And after a research report last week found that YouTube’s advertising practices have the potential to undermine the privacy of children who watch children’s videos, the company said it limited viewer data collection and did not serve targeted ads on these videos.
These types of personalized advertising, which use data to tailor marketing to users’ online activities and interests, can be effective in finding the right consumers. However, under federal privacy law, children’s online services must obtain parental consent before collecting personal information from users under 13 to target them with ads — an obligation YouTube extends to anyone watching a children’s video.
Now Fairplay, a prominent children’s group, is challenging the company’s privacy statements. The group said it used ad placement tools from Google, YouTube’s parent company, to run a $10 ad campaign this month targeting different groups of adults, exclusively on its kids’ video channels.
The ads were shown to users in consumer segments selected by the children’s group – including motorcycle enthusiasts, high-end computer enthusiasts and avid investors – on popular channels including “Cocomelon Nursery Songsand Talking Tom andLike Nastya”, according to a placement report received by Fairplay from Google. In all, group ads were placed 1,446 times on YouTube children’s video channels.
Adalytics, the company that published it search The New York Times first reported last week that it had done so Analyze similar advertising campaigns on children’s channels from many other media buyers.
On Wednesday morning, Fairplay, the Center for Digital Democracy and two other nonprofit groups filed a complaint with the Federal Trade Commission, asking the agency to investigate Google and YouTube’s data and advertising practices regarding videos for kids.
In a letter to Lina M. Khan, chair of the Federal Trade Commission, said the groups new research “raises serious questions” about whether Google violated federal children’s privacy rules.
“The conclusions in this report point to a fundamental misunderstanding of how ads on content made for children work,” said Michael Aseman, a Google spokesperson. “We do not allow personalization of ads on content made for children, nor do we allow advertisers to target ads to children across any of our products.”
Google said it continued to abide by the children’s privacy commitments it made to the Federal Trade Commission, and added that some YouTube channels show a mix of children’s and adult videos, and as a result, it’s possible that Fairplay has received reports of audience segments for ads. On videos not intended for children.
This isn’t the first time Fairplay and the Center for Digital Democracy have pressured the Federal Trade Commission to investigate Google and YouTube over children’s privacy. In a complaint filed with the agency in 2018, the two organizations, along with 21 other groups, accused the company of improperly collecting data from children who watched videos of children.

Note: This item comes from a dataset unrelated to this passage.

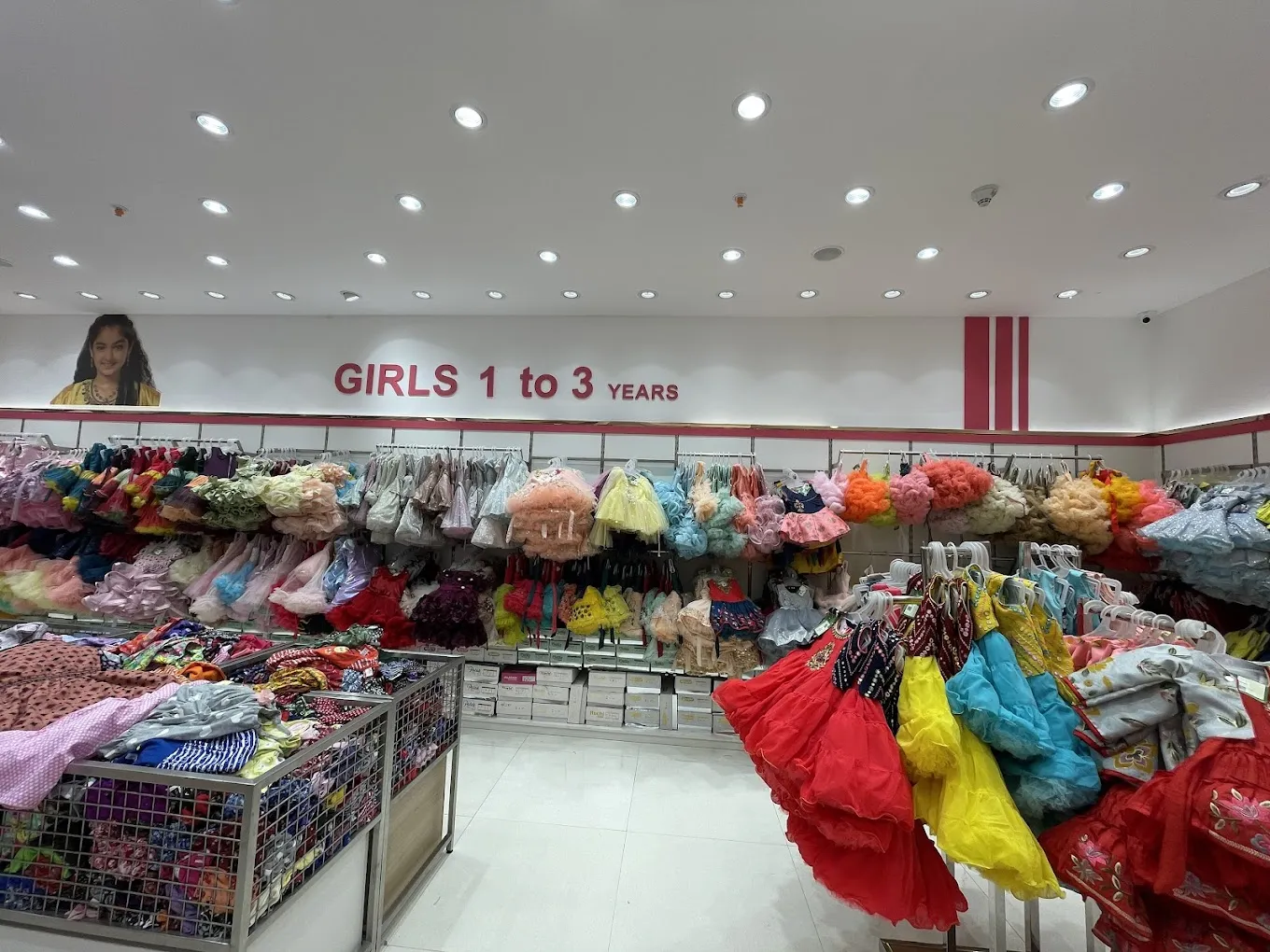 Jeyachandran Textiles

And in 2019, the Federal Trade Commission and the state of New York found that the company illegally collected personal information from children who watched children’s channels. The regulators said that the company has Benefit from using children’s data to target them with ads.
Google and YouTube have agreed to pay a record $170 million to settle the regulators’ accusations.
“There are very few legal protections for children online,” said Josh Jolin, executive director of Fairplay. “One of the few commitments that platforms like YouTube have is not to use children’s personal information to track them or serve personalized ads.”